It’s hard to imagine that a mere CD could fulfill such a messianic purpose. But the first cut, “Scenes of horror, scenes of woe,” from Handel’s Jephtha, gives a sense of what she’s up to ...

Opera News

I had last heard this aria in Susan Gritton’s trim, well-mannered reading on the Sixteen’s recent recording of the complete oratorio. DiDonato’s version is something else entirely. The sharp attack of her singing gives it an almost shocking immediacy; the hammer-stroke articulation of the line “rising from the shades below” makes it seem as if the “scenes of horror” were indeed dredged up from hell. The barbarities she describes, rather than transpiring in the conveniently distant past, could be in Aleppo or at Pulse in Orlando. By making the aria so visceral, DiDonato tells us that the act of performing music—and of listening to it—needn’t be a purely aesthetic endeavor but a means of understanding the world we live in.

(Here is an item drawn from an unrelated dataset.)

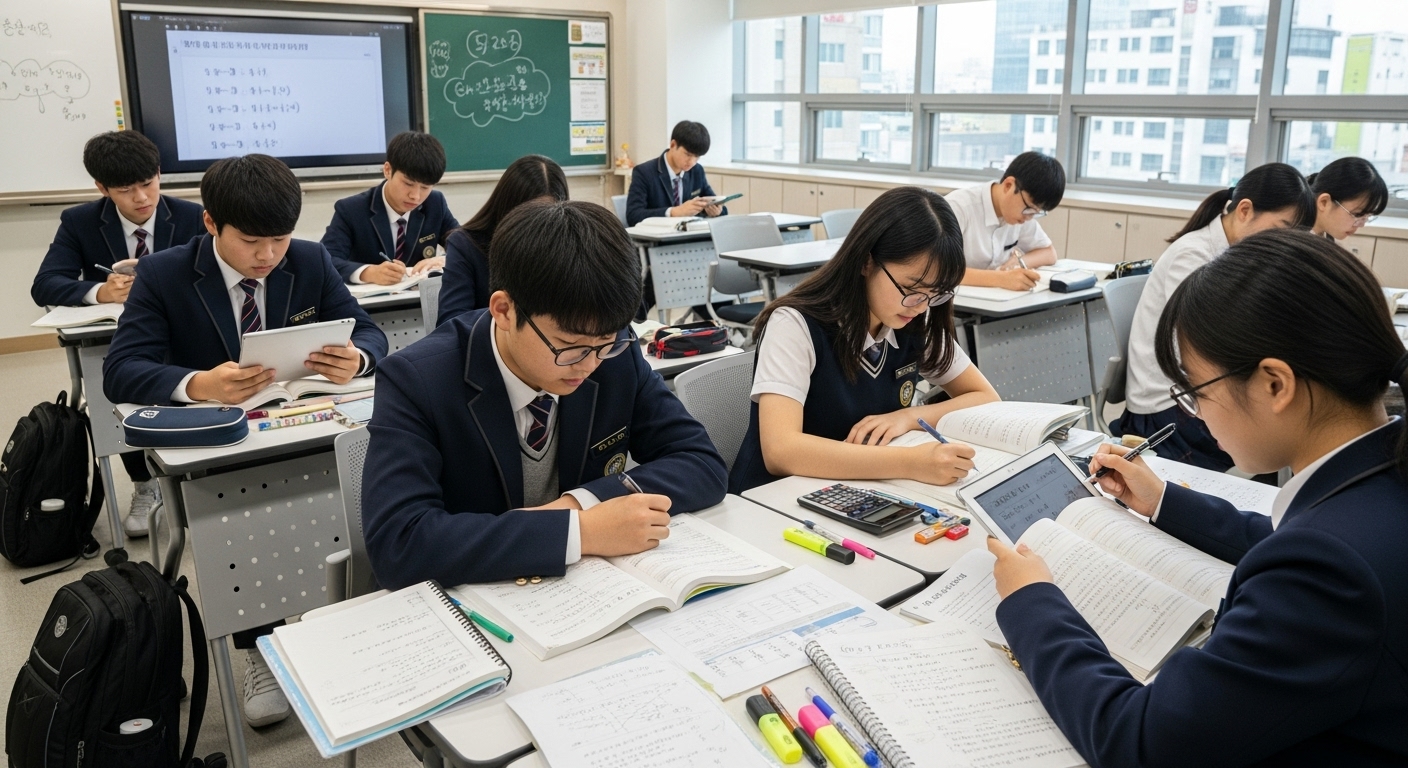 현대적인 교실에서 공부에 몰두하는 고등학생들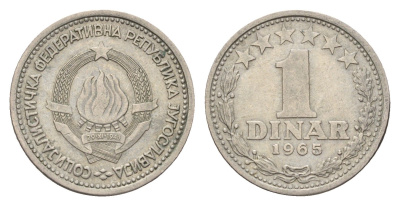 Югославия 1 динар 1965 KM 47 медно-никель 4674-915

The entire recital benefits from the American mezzo’s warmth of tone and prodigious technique—fully expected but nonetheless welcome. (The pinging staccato arpeggios in “Par che di giubilo,” from Niccolò Jommelli’s Attilio Regolo, all but defy credibility.) Under Maxim Emelyanychev, the musicians of the Italian period-instrument orchestra Il Pomo d’Oro play with vigor, commitment and emotional specificity, co-navigators on DiDonato’s voyage of exploration.”